An exact transcription is needed, starting with the line that contains "Lettiera per gatti" and ending with the last line of the records.

*** DATA FOR REVIEW ***

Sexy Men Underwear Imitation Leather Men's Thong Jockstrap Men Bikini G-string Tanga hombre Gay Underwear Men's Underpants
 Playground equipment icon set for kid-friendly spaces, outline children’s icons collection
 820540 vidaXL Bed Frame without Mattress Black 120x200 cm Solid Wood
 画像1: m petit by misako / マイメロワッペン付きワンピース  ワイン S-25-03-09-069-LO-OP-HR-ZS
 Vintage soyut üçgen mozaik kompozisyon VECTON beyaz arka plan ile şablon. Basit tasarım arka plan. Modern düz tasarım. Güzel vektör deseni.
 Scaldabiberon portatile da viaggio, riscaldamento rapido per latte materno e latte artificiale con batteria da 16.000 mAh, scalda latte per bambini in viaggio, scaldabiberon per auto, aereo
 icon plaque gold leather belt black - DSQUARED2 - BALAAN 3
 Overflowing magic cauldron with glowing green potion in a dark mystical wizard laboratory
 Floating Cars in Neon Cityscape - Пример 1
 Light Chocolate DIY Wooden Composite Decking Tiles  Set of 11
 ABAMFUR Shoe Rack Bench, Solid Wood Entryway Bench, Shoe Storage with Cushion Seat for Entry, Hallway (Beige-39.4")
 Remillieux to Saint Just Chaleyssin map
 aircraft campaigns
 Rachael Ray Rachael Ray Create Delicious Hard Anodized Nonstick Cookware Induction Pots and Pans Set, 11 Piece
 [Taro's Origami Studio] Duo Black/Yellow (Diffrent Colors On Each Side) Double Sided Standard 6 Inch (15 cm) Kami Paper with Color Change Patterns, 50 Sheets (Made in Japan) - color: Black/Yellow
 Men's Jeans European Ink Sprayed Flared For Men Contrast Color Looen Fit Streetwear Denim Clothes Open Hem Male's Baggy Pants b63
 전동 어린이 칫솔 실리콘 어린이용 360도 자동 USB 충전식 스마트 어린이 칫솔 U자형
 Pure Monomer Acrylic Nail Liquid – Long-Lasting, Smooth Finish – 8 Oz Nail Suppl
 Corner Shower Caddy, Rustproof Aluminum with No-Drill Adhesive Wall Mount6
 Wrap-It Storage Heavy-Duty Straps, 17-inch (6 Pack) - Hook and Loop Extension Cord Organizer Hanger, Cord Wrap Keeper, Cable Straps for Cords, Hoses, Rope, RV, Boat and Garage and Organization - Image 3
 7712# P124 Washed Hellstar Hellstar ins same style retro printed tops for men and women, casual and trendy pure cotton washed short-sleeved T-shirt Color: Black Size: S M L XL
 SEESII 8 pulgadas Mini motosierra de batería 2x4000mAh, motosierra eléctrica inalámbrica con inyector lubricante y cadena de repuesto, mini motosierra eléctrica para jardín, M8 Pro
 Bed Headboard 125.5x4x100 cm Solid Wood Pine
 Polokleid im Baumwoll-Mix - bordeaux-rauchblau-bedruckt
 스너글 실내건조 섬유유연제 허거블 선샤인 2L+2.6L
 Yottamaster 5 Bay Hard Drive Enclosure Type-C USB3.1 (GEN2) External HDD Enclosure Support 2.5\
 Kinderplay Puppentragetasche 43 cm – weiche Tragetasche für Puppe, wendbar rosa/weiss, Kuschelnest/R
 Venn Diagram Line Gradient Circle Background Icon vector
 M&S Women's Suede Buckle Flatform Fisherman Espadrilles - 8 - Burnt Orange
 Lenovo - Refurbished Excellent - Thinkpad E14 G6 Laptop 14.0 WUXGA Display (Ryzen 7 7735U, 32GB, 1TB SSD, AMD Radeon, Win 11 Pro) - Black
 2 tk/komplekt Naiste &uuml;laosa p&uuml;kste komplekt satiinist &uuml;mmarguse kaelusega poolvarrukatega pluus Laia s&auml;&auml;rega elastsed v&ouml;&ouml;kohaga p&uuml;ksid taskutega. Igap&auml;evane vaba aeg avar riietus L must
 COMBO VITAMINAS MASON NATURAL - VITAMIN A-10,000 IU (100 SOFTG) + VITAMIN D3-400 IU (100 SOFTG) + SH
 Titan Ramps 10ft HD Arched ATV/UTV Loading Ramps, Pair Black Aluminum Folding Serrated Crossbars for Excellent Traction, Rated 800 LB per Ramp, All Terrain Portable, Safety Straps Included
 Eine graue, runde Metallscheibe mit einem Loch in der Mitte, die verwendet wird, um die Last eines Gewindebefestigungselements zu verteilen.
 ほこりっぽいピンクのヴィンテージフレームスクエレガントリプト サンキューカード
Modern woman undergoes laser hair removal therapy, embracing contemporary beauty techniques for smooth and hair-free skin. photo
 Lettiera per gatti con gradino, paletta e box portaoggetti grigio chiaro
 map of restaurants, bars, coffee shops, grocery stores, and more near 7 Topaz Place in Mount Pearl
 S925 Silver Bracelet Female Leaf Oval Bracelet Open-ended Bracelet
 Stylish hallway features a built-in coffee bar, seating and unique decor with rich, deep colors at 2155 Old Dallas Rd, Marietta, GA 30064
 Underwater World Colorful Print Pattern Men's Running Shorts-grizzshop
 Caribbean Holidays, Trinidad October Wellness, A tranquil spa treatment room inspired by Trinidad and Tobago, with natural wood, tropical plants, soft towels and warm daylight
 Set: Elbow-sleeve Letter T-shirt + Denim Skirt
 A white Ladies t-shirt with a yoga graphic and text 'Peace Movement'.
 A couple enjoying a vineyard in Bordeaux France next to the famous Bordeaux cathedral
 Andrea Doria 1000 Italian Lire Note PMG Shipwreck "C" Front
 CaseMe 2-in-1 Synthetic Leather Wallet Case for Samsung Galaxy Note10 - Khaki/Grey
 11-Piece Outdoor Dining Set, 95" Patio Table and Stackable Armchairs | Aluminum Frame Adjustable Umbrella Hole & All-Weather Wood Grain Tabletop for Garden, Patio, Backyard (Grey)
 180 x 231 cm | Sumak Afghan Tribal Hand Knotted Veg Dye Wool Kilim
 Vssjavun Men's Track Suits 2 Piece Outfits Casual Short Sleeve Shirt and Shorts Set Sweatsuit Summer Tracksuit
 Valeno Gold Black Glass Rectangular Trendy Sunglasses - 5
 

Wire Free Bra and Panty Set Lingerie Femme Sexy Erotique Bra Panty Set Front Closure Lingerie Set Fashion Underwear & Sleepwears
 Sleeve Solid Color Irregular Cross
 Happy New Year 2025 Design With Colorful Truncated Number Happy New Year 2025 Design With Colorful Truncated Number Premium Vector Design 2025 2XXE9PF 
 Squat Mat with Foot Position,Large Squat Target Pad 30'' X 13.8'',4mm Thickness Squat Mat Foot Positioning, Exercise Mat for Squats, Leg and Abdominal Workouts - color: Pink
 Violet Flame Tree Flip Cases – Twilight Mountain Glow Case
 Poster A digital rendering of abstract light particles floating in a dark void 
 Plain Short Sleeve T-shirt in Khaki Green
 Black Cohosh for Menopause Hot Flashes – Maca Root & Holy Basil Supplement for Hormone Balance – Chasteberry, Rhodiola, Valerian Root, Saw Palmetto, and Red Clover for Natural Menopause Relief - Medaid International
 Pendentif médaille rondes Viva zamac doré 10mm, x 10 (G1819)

***

PROBLEM SOLUTION:
 Lettiera per gatti con gradino, paletta e box portaoggetti grigio chiaro
 map of restaurants, bars, coffee shops, grocery stores, and more near 7 Topaz Place in Mount Pearl
 S925 Silver Bracelet Female Leaf Oval Bracelet Open-ended Bracelet
 Stylish hallway features a built-in coffee bar, seating and unique decor with rich, deep colors at 2155 Old Dallas Rd, Marietta, GA 30064
 Underwater World Colorful Print Pattern Men's Running Shorts-grizzshop
 Caribbean Holidays, Trinidad October Wellness, A tranquil spa treatment room inspired by Trinidad and Tobago, with natural wood, tropical plants, soft towels and warm daylight
 Set: Elbow-sleeve Letter T-shirt + Denim Skirt
 A white Ladies t-shirt with a yoga graphic and text 'Peace Movement'.
 A couple enjoying a vineyard in Bordeaux France next to the famous Bordeaux cathedral
 Andrea Doria 1000 Italian Lire Note PMG Shipwreck "C" Front
 CaseMe 2-in-1 Synthetic Leather Wallet Case for Samsung Galaxy Note10 - Khaki/Grey
 11-Piece Outdoor Dining Set, 95" Patio Table and Stackable Armchairs | Aluminum Frame Adjustable Umbrella Hole & All-Weather Wood Grain Tabletop for Garden, Patio, Backyard (Grey)
 180 x 231 cm | Sumak Afghan Tribal Hand Knotted Veg Dye Wool Kilim
 Vssjavun Men's Track Suits 2 Piece Outfits Casual Short Sleeve Shirt and Shorts Set Sweatsuit Summer Tracksuit
 Valeno Gold Black Glass Rectangular Trendy Sunglasses - 5
 

Wire Free Bra and Panty Set Lingerie Femme Sexy Erotique Bra Panty Set Front Closure Lingerie Set Fashion Underwear & Sleepwears
 Sleeve Solid Color Irregular Cross
 Happy New Year 2025 Design With Colorful Truncated Number Happy New Year 2025 Design With Colorful Truncated Number Premium Vector Design 2025 2XXE9PF 
 Squat Mat with Foot Position,Large Squat Target Pad 30'' X 13.8'',4mm Thickness Squat Mat Foot Positioning, Exercise Mat for Squats, Leg and Abdominal Workouts - color: Pink
 Violet Flame Tree Flip Cases – Twilight Mountain Glow Case
 Poster A digital rendering of abstract light particles floating in a dark void 
 Plain Short Sleeve T-shirt in Khaki Green
 Black Cohosh for Menopause Hot Flashes – Maca Root & Holy Basil Supplement for Hormone Balance – Chasteberry, Rhodiola, Valerian Root, Saw Palmetto, and Red Clover for Natural Menopause Relief - Medaid International
 Pendentif médaille rondes Viva zamac doré 10mm, x 10 (G1819)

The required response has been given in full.